Five RCTs (455 patients) were included. The results of intravenous dexamethasone were as follows: time to first rescue analgesia (mean difference [MD] 0.99 h, 95% confidence interval [CI] - 0.86 to 2.84; very low certainty) and consumption of oral morphine equivalents (MD - 6.55 mg, 95% CI - 17.13 to 4.02; moderate certainty). No incidence of drug-related adverse reactions was reported (very low certainty).

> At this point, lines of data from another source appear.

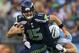 SEATTLE, WA - AUGUST 11: Quarterback Matt Flynn #15 of the Seattle Seahawks rushes against Zach Clayton #69 of the Tennessee Titans at CenturyLink Field on August 11, 2012 in Seattle, Washington. (Photo by Otto Greule Jr/Getty Images)
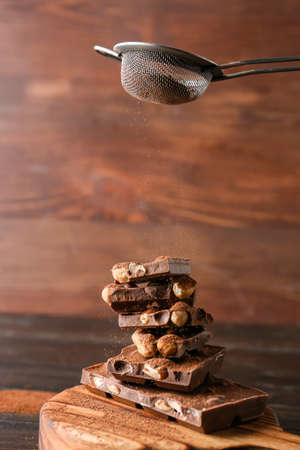 Sprinkling of cacao powder onto pieces of tasty chocolate with nuts on wooden background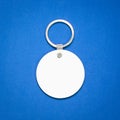 White key ring on blue background. Key chain for your design. Hanging accessory or souvenir.  Circle shape Royalty Free Stock Photo
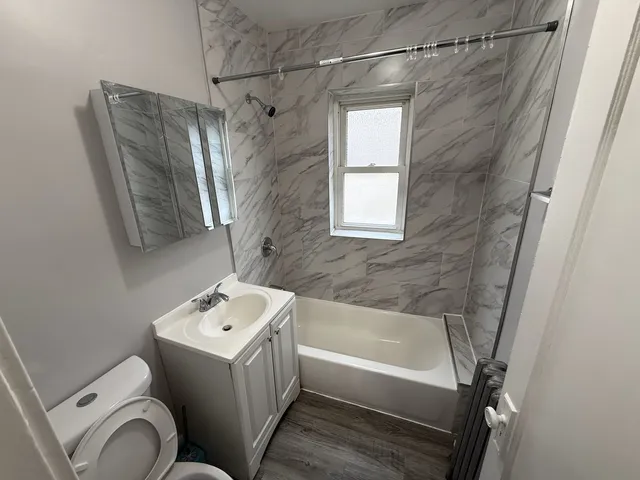 a bathroom with a sink toilet and shower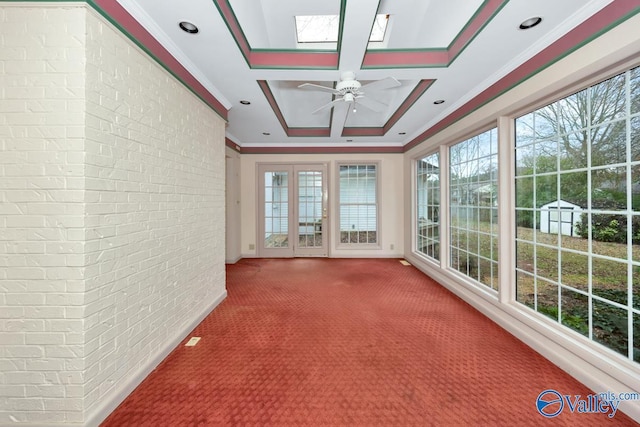 unfurnished sunroom featuring a tray ceiling, a skylight, and ceiling fan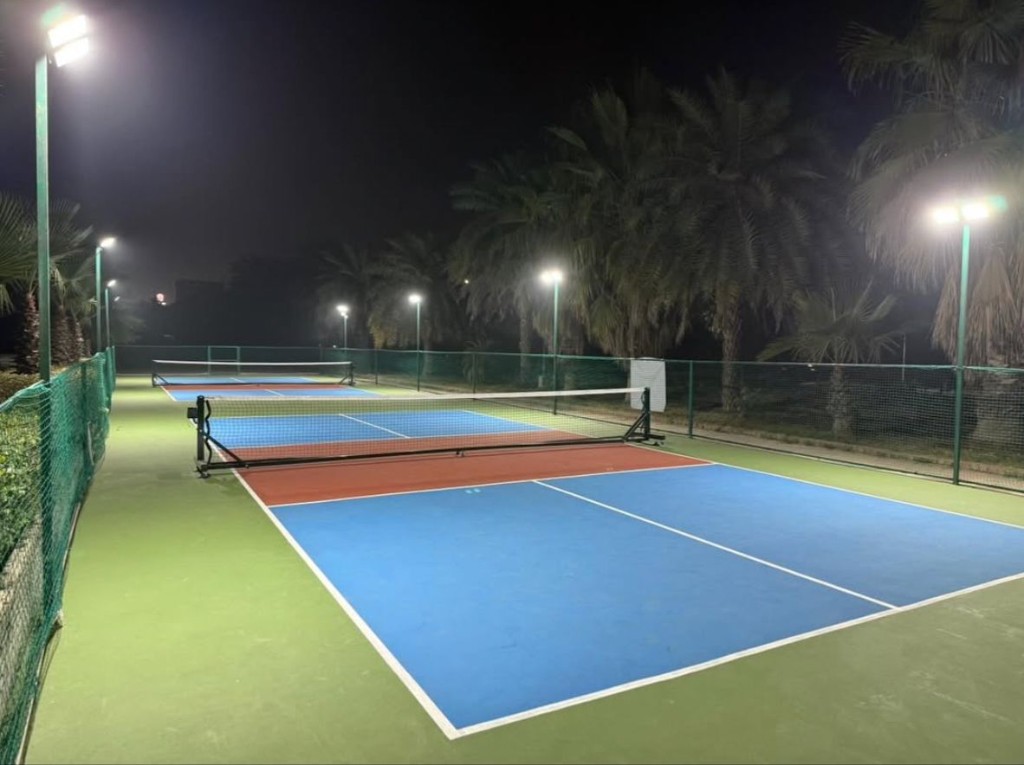 Night-lit outdoor pickleball courts at The Social Court Jalandhar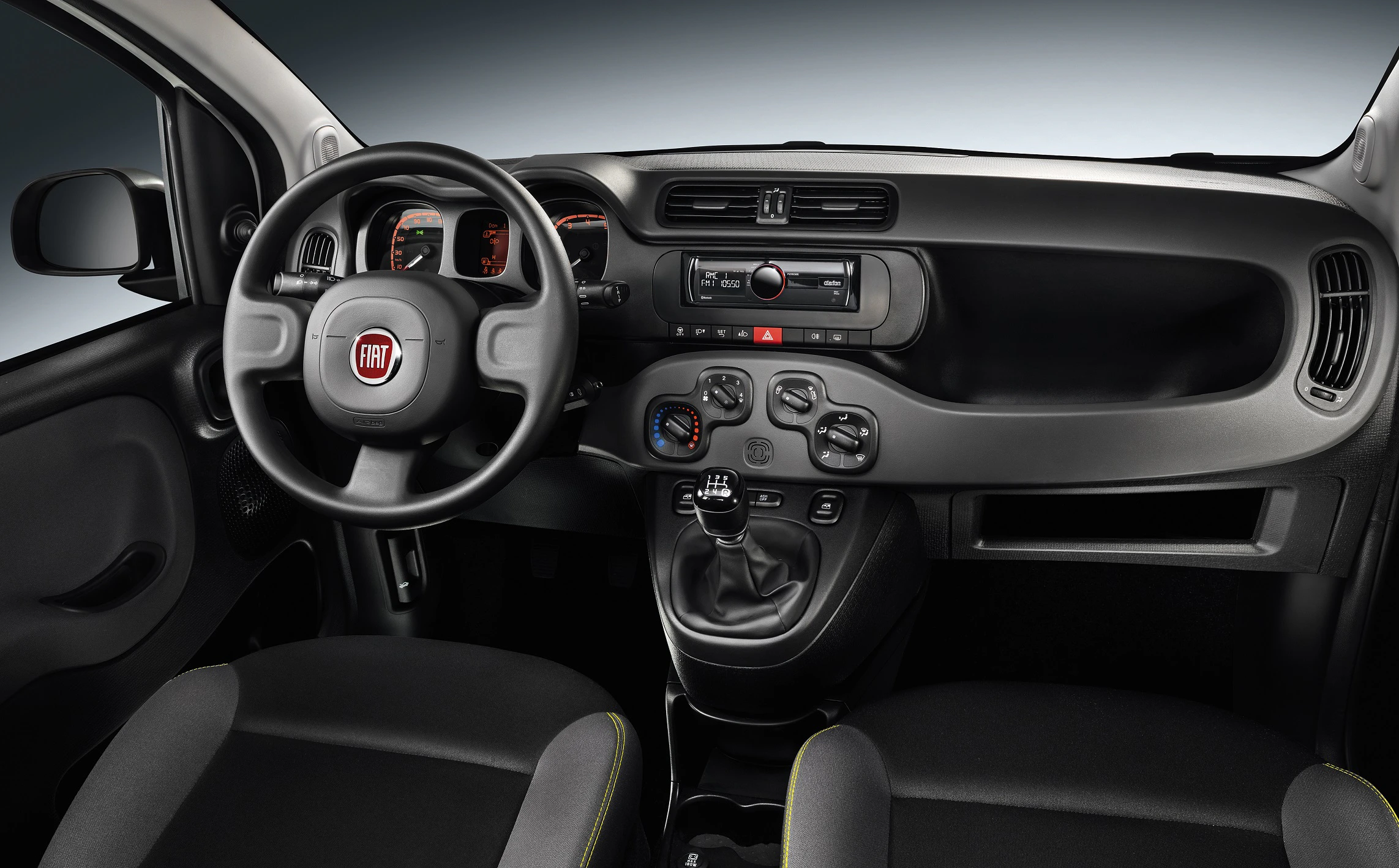 Innenraum eines Fiat-Autos mit Lenkrad, Armaturenbrett und Schalthebel; schwarze Ausstattung mit modernen Instrumenten und Bedienelementen.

The evidence was very uncertain about the efficacy of intravenous dexamethasone on time to first rescue analgesia and the incidence of drug-related adverse reactions. Intravenous dexamethasone probably reduces the consumption of oral morphine equivalents. Anaesthesiologists might want to consider intravenous dexamethasone for postoperative pain after caesarean delivery under spinal anaesthesia with an intrathecal long-acting opioid.
在择期剖宫产中,推荐静脉给予地塞米松以减轻术后疼痛。然而,椎管内麻醉中使用长效阿片类药物(如吗啡或二氢吗啡酮)行剖宫产术的效果尚未得到系统研究。
我们于 2022 年 5 月 18 日通过 MEDLINE、CENTRAL、EMBASE、ICTRP 和 ClinicalTrials.gov 检索了所有关于椎管内麻醉中使用吗啡或二氢吗啡酮行剖宫产术的随机对照试验(RCT)。主要结局为首次解救镇痛的时间、口服吗啡等效物的消耗量和药物相关不良反应的发生率。我们使用风险偏倚 2 工具评估了每个结局的风险偏倚。我们使用随机效应模型进行荟萃分析。我们使用 GRADE 方法评估证据的确定性。
纳入了 5 项 RCT(455 名患者)。静脉给予地塞米松的结果如下:首次解救镇痛的时间(均数差值 [MD] 0.99 小时,95%置信区间 [CI] -0.86 至 2.84;极低确定性)和口服吗啡等效物的消耗量(MD -6.55 毫克,95% CI -17.13 至 4.02;中等确定性)。未报告药物相关不良反应的发生率(极低确定性)。
关于静脉给予地塞米松对首次解救镇痛时间和药物相关不良反应发生率的疗效,证据极不确定。静脉给予地塞米松可能减少口服吗啡等效物的消耗量。椎管内麻醉中使用长效阿片类药物行剖宫产术时,麻醉医师可能需要考虑使用静脉给予地塞米松以缓解术后疼痛。